**Task statement**:
Please give back word for word the lines of the material below between the line containing "Relaxed Monbix Oversized" and the line containing "印度湖溢出毒泡沫 水污染的大三危害", inclusive.

**Entries provided**:
________________________

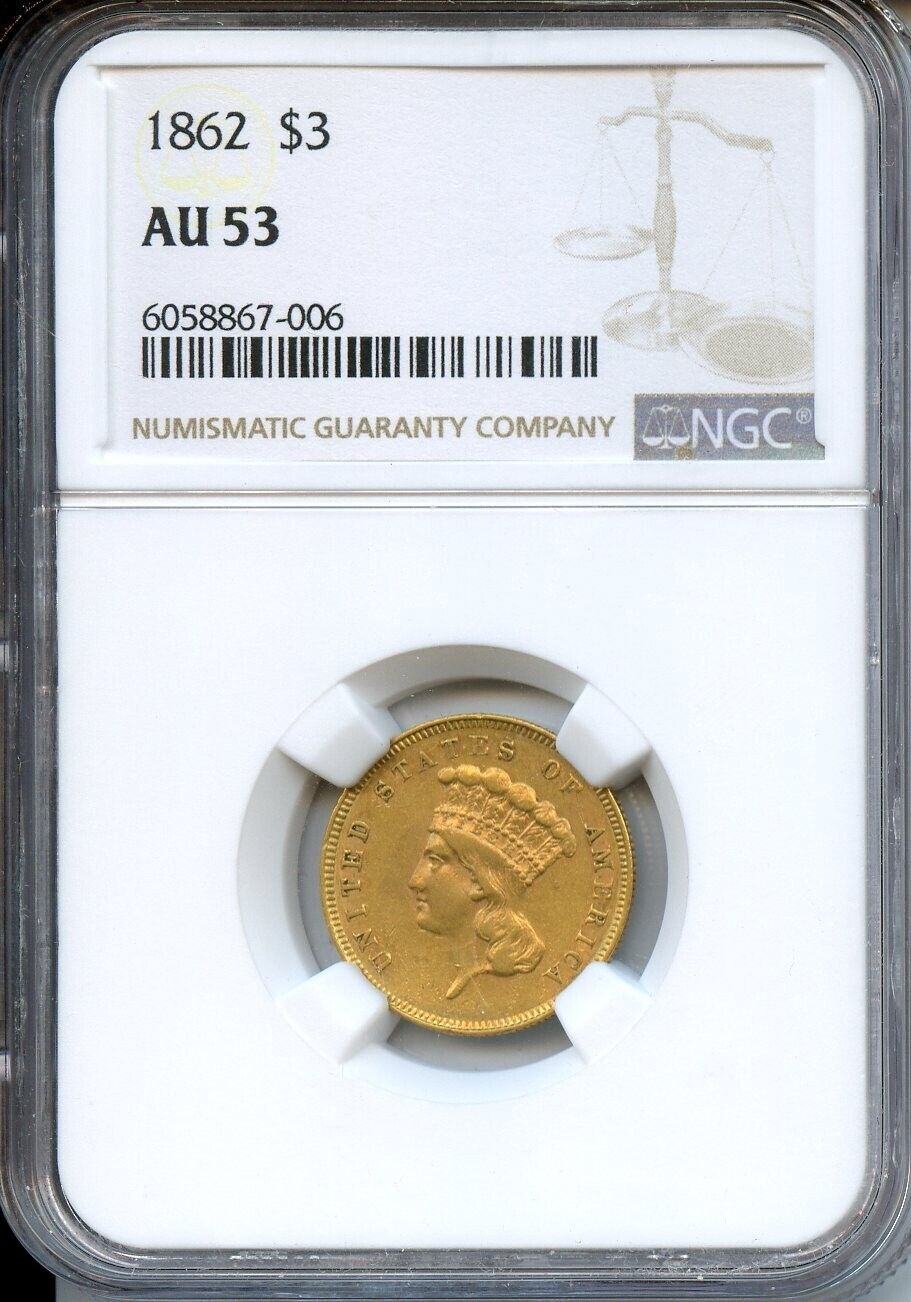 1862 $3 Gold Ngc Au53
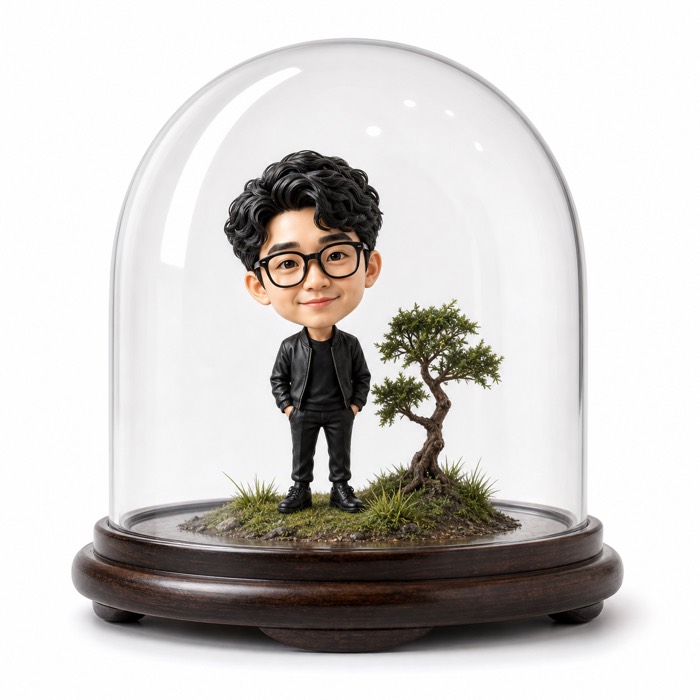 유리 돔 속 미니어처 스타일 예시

________________________

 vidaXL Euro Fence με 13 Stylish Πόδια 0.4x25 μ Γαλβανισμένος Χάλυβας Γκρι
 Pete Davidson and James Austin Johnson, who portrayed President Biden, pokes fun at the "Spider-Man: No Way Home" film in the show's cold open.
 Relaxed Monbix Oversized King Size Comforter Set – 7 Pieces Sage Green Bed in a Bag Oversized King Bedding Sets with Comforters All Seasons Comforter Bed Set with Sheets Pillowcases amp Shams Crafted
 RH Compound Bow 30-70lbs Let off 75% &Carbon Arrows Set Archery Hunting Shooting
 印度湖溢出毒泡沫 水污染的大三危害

________________________

**Reply to the task**:
 Relaxed Monbix Oversized King Size Comforter Set – 7 Pieces Sage Green Bed in a Bag Oversized King Bedding Sets with Comforters All Seasons Comforter Bed Set with Sheets Pillowcases amp Shams Crafted
 RH Compound Bow 30-70lbs Let off 75% &Carbon Arrows Set Archery Hunting Shooting
 印度湖溢出毒泡沫 水污染的大三危害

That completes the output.